**** Given information ****
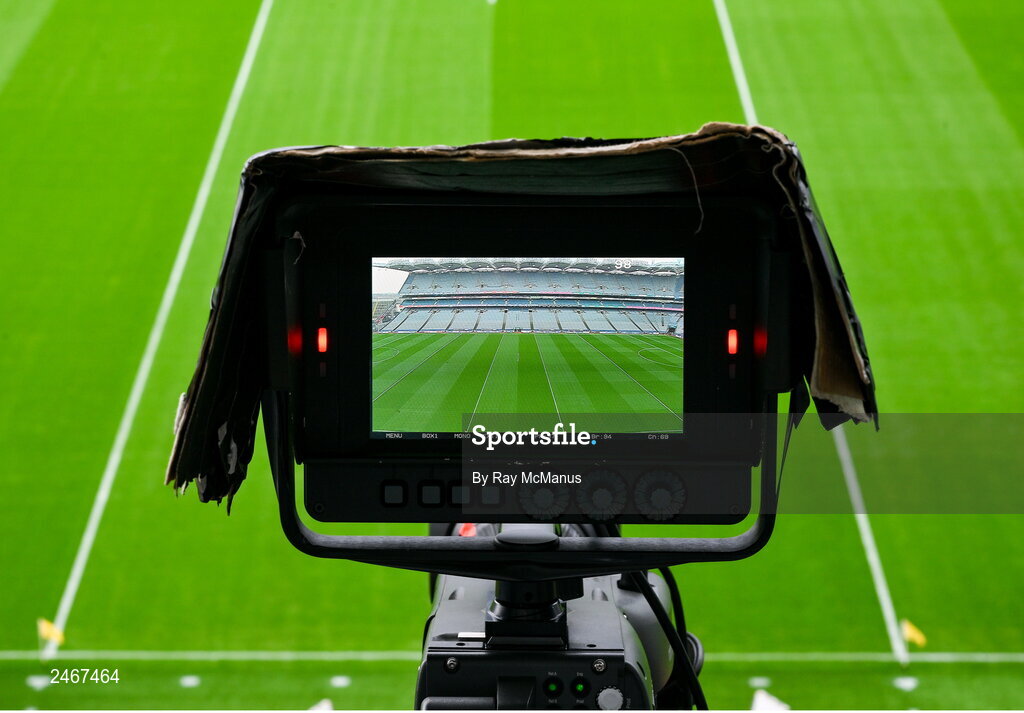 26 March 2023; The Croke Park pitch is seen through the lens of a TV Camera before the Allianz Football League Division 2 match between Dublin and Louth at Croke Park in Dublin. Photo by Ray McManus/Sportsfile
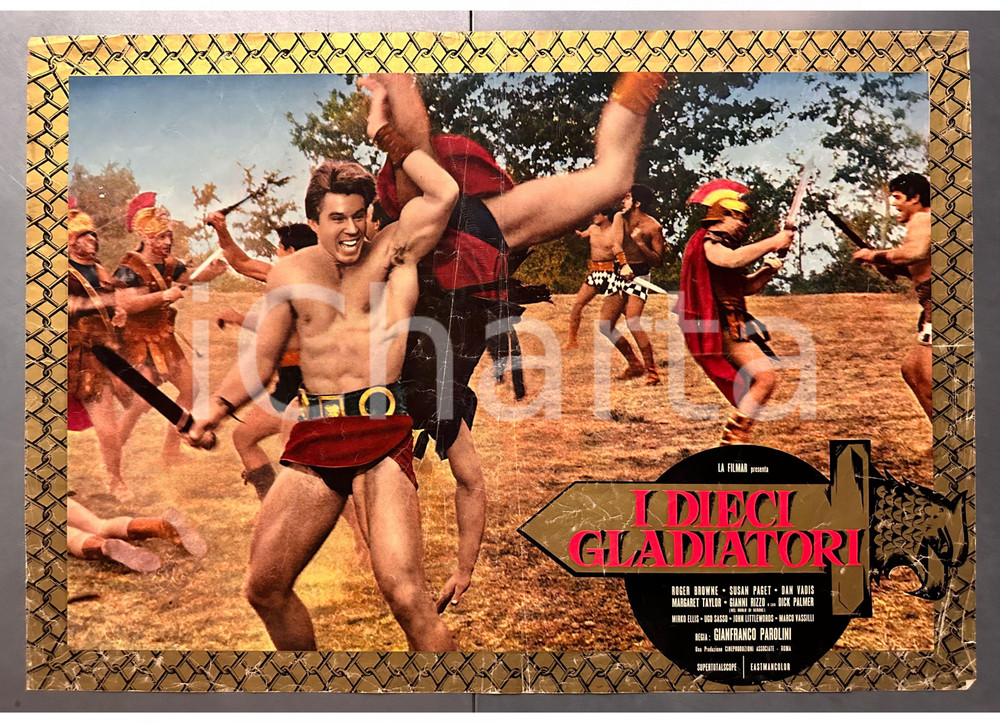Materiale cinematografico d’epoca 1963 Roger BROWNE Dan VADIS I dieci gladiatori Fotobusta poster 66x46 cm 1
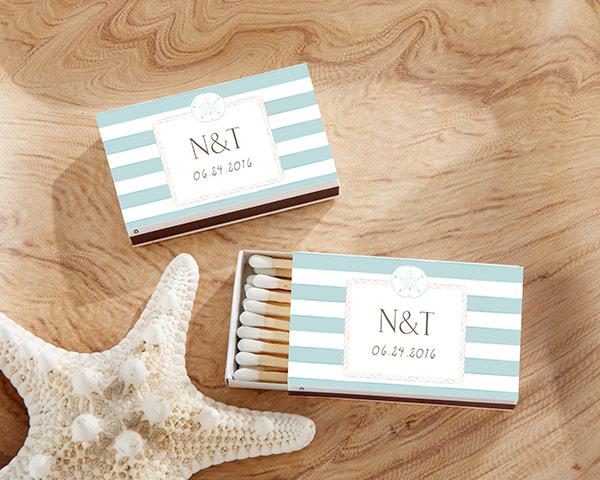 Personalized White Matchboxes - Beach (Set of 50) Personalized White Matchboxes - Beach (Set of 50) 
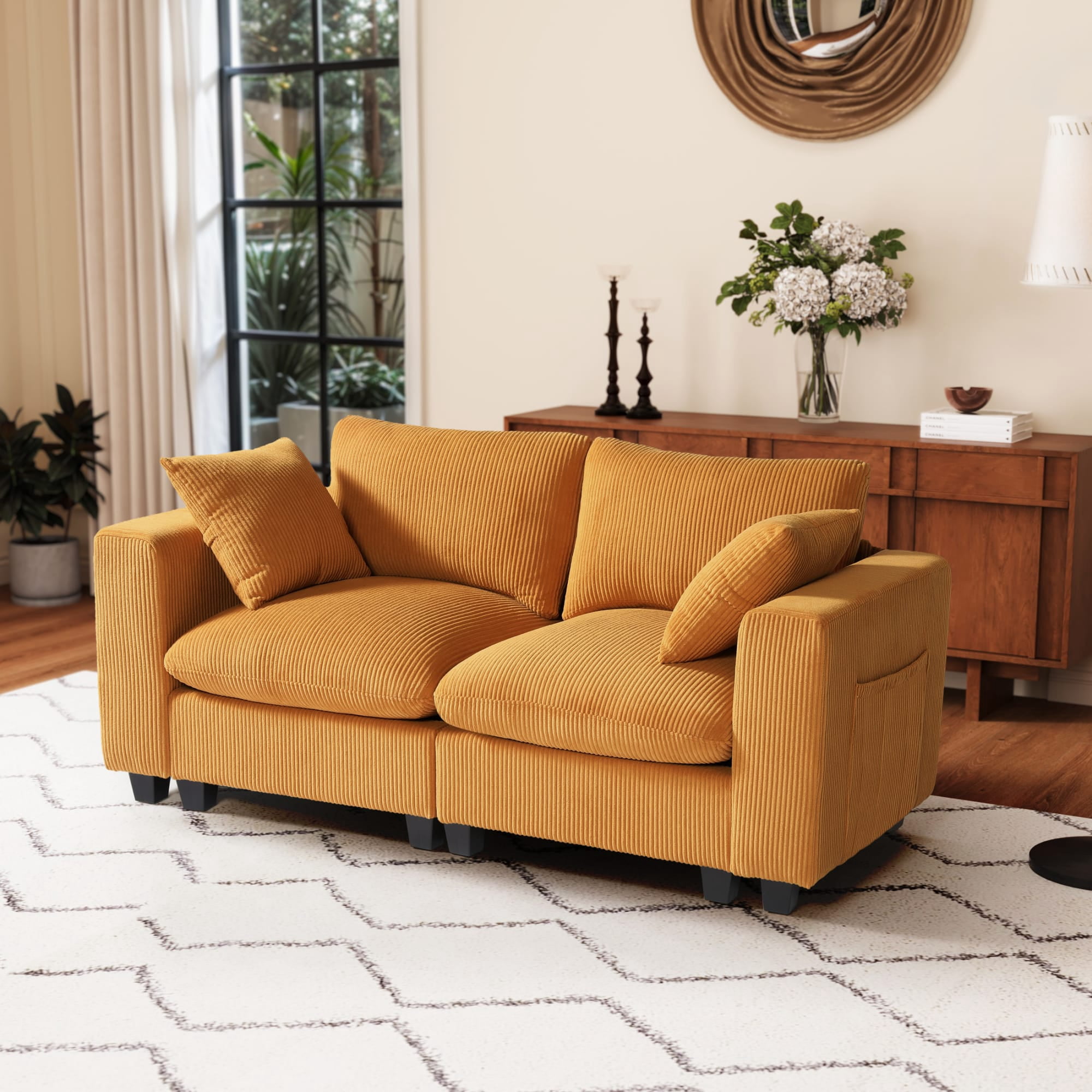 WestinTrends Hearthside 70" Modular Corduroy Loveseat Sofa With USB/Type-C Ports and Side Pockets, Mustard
****
■ **Work to be completed**
The data is to be returned exactly as it stands, pictures aside.

■ **Exercise result**
 26 March 2023; The Croke Park pitch is seen through the lens of a TV Camera before the Allianz Football League Division 2 match between Dublin and Louth at Croke Park in Dublin. Photo by Ray McManus/Sportsfile
Materiale cinematografico d’epoca 1963 Roger BROWNE Dan VADIS I dieci gladiatori Fotobusta poster 66x46 cm 1
 Personalized White Matchboxes - Beach (Set of 50) Personalized White Matchboxes - Beach (Set of 50) 
 WestinTrends Hearthside 70" Modular Corduroy Loveseat Sofa With USB/Type-C Ports and Side Pockets, Mustard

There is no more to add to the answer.